Work instructions: Set down the data below from its first line to the line holding "kitchen featuring sink, wine", inclusive; omit all pictures.

(Pictures with short captions)
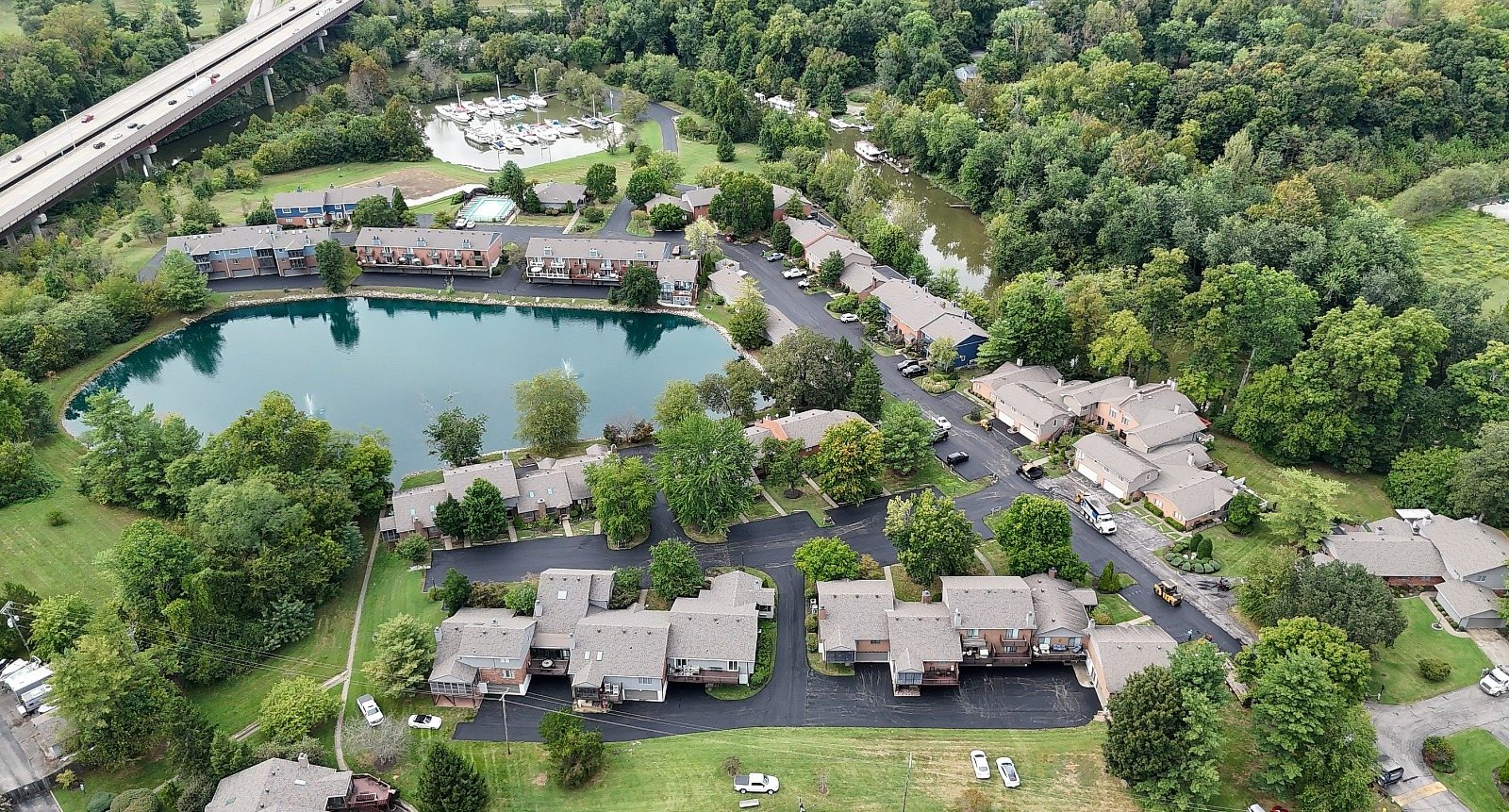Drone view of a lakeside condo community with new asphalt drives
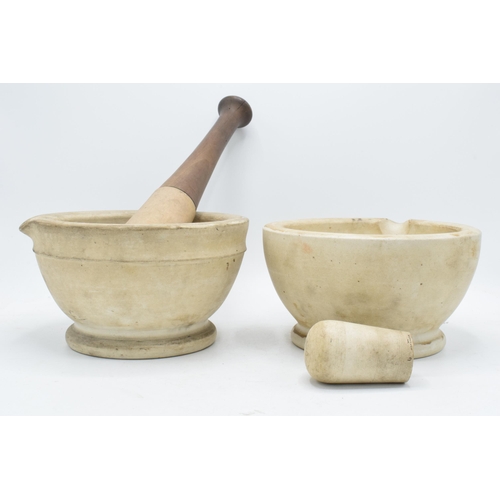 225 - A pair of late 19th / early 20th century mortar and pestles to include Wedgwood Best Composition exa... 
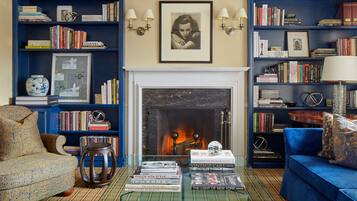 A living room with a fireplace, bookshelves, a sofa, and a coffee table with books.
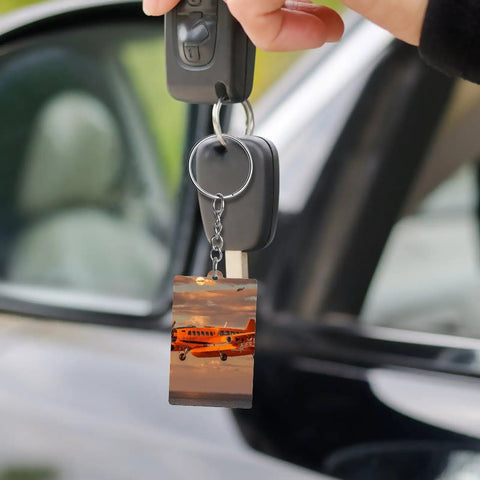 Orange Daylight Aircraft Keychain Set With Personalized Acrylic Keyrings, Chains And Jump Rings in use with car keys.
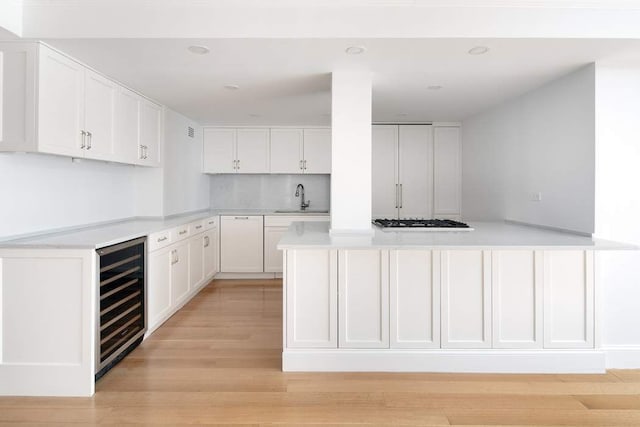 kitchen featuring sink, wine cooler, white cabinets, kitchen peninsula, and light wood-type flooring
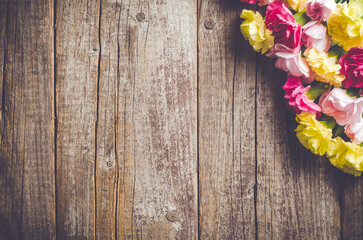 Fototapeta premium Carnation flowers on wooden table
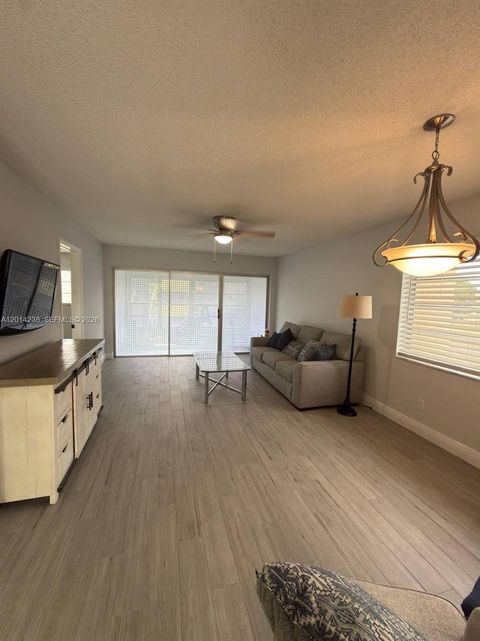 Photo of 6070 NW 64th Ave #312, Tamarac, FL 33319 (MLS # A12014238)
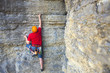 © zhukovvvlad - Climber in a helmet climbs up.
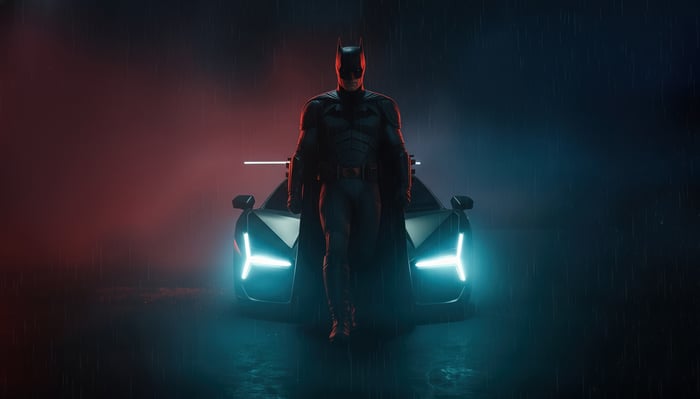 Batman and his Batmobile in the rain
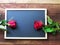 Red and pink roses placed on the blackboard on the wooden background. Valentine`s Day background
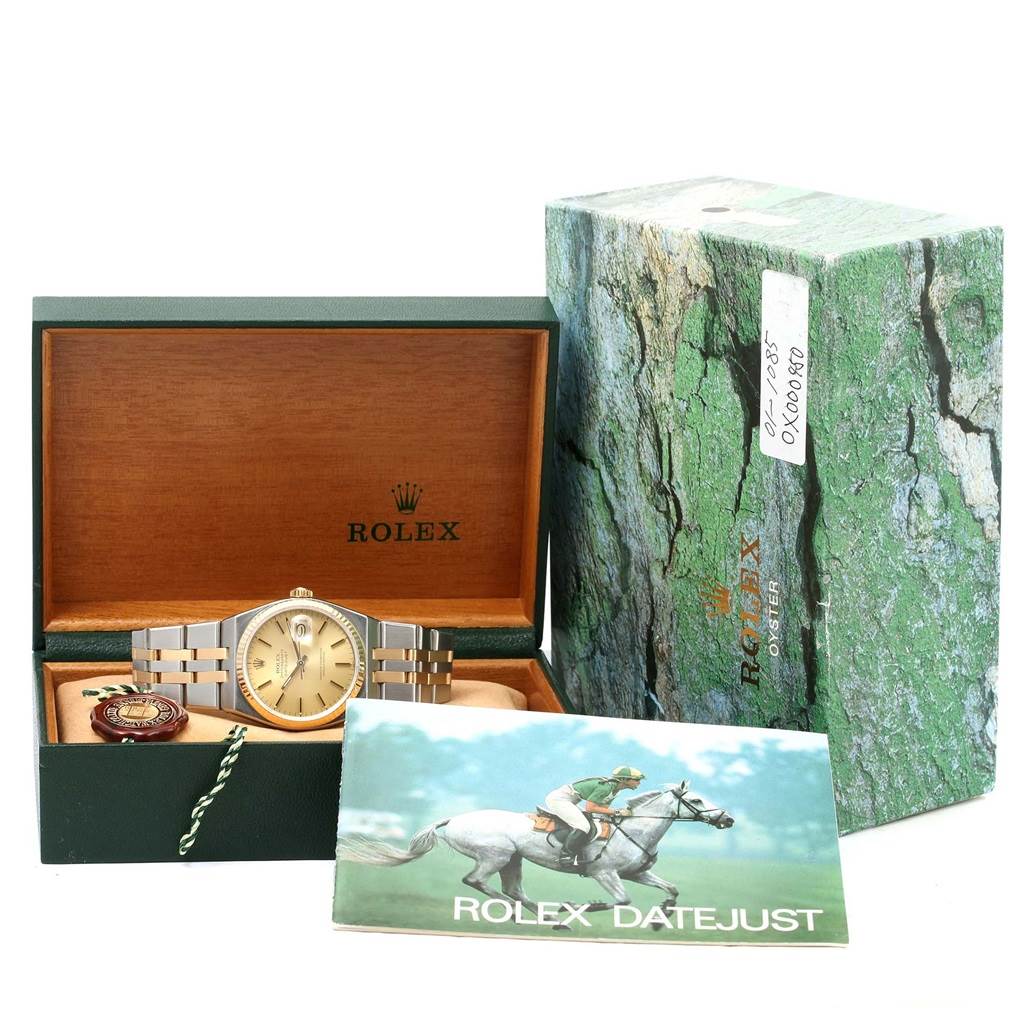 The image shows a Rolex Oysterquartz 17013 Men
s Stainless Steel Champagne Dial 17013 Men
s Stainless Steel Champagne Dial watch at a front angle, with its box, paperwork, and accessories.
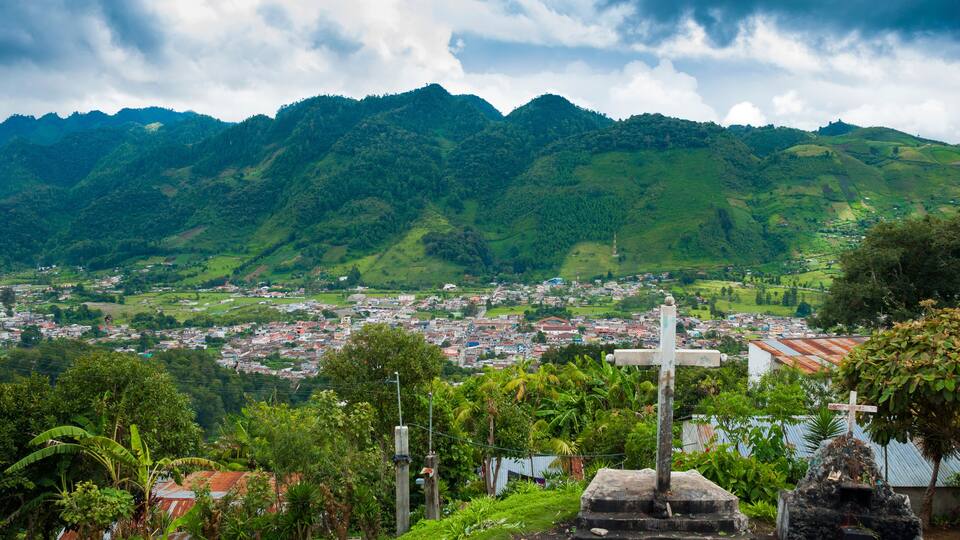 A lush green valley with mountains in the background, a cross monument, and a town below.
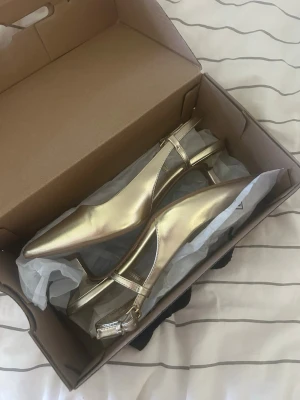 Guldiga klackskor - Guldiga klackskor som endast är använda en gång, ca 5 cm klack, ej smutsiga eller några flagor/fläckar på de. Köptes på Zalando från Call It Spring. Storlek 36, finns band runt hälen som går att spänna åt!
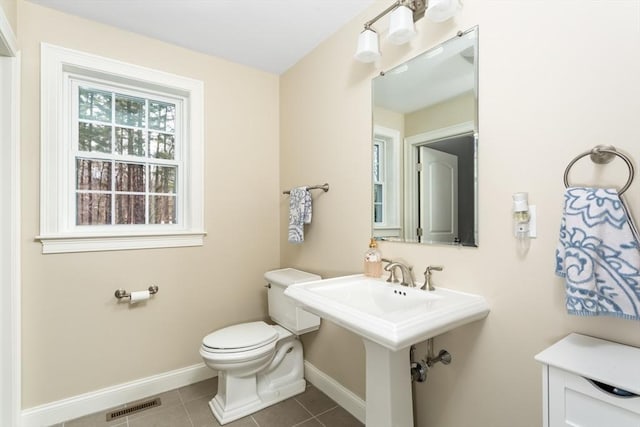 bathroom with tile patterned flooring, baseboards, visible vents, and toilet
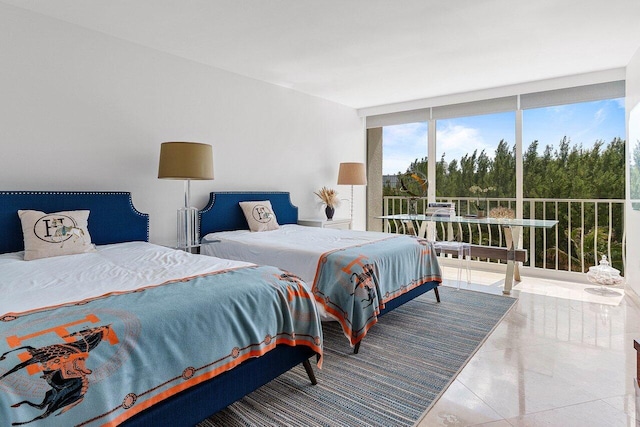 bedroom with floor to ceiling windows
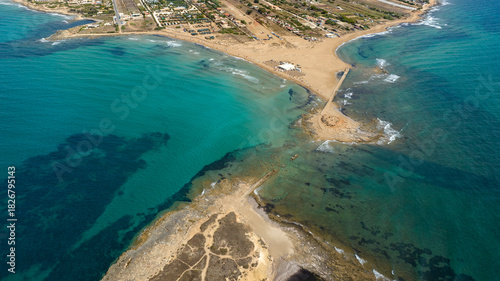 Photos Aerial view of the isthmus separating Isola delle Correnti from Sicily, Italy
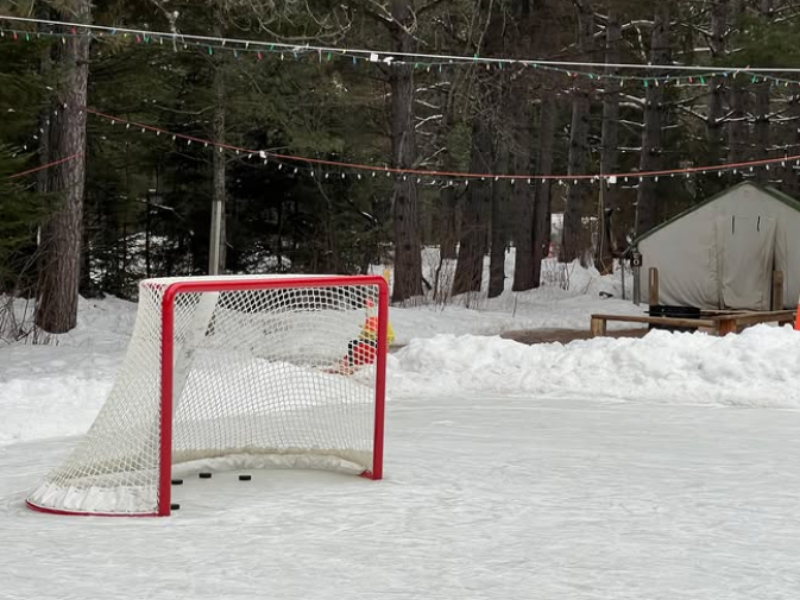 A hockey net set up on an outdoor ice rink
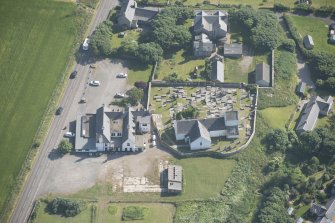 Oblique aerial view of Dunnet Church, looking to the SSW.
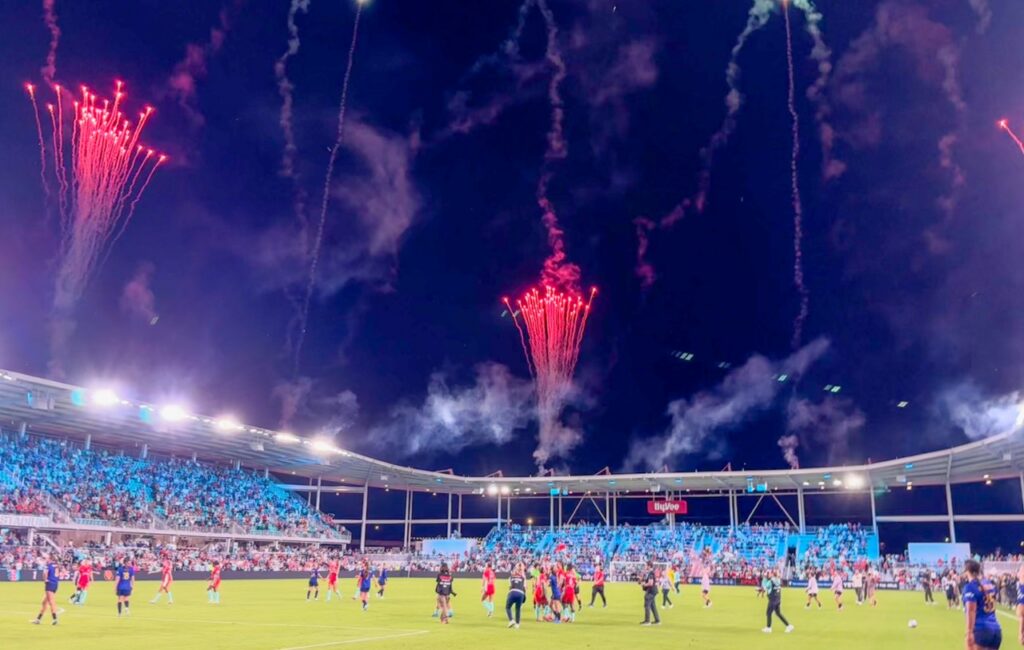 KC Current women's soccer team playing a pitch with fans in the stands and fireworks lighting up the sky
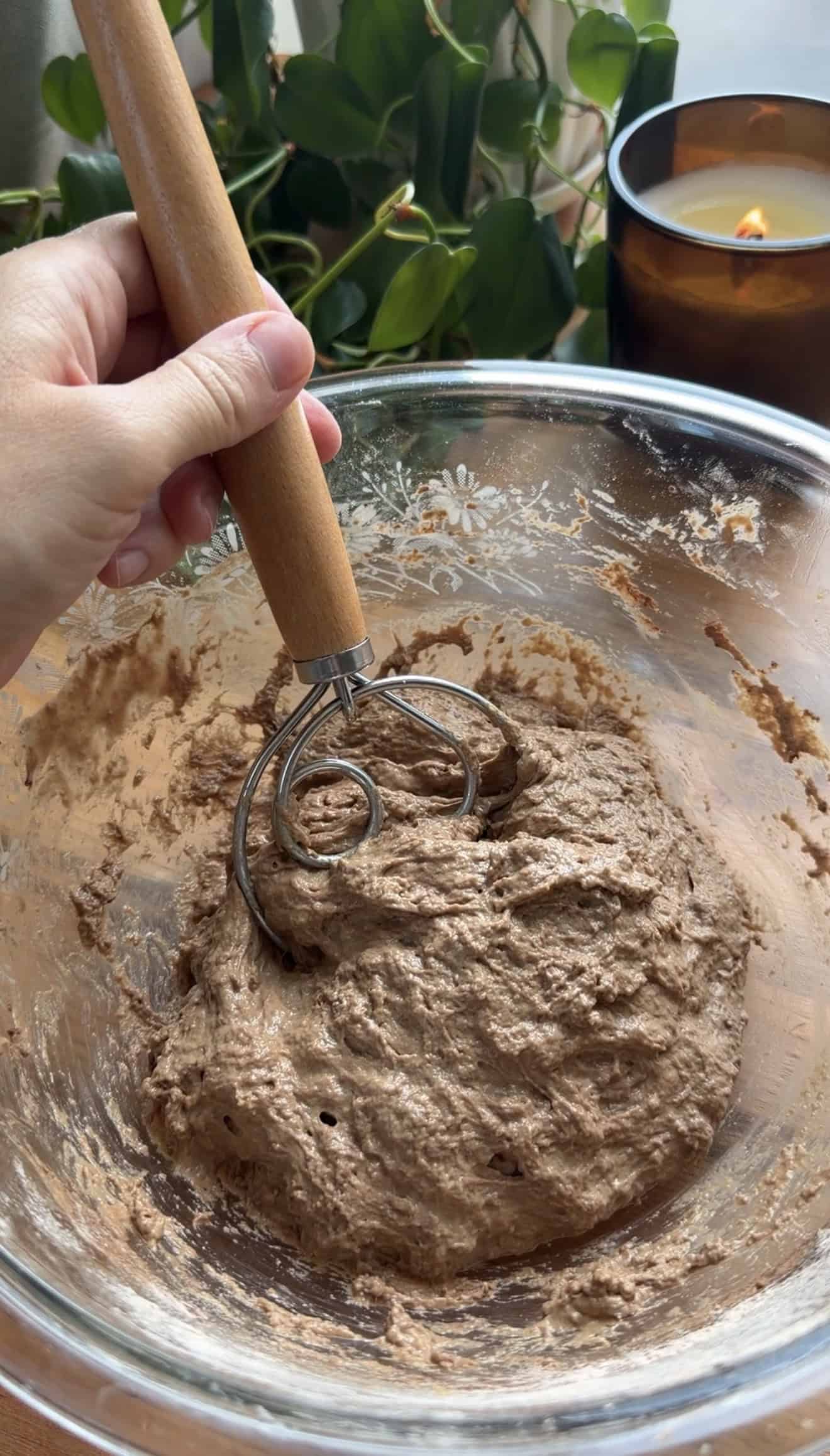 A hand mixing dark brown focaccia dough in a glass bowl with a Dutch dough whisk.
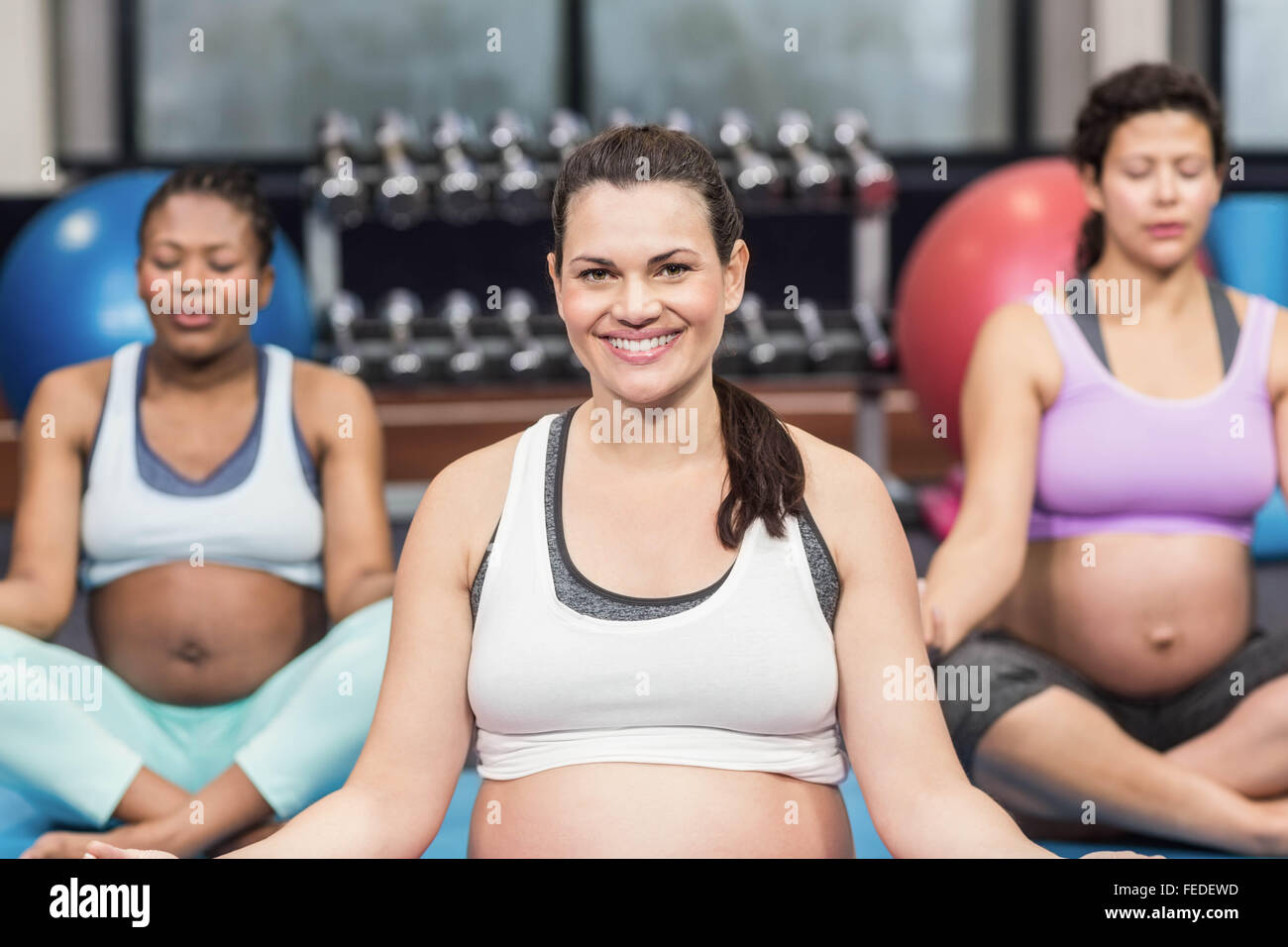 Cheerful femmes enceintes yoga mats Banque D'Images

Final answer:
Drone view of a lakeside condo community with new asphalt drives
 225 - A pair of late 19th / early 20th century mortar and pestles to include Wedgwood Best Composition exa... 
 A living room with a fireplace, bookshelves, a sofa, and a coffee table with books.
 Orange Daylight Aircraft Keychain Set With Personalized Acrylic Keyrings, Chains And Jump Rings in use with car keys.
 kitchen featuring sink, wine cooler, white cabinets, kitchen peninsula, and light wood-type flooring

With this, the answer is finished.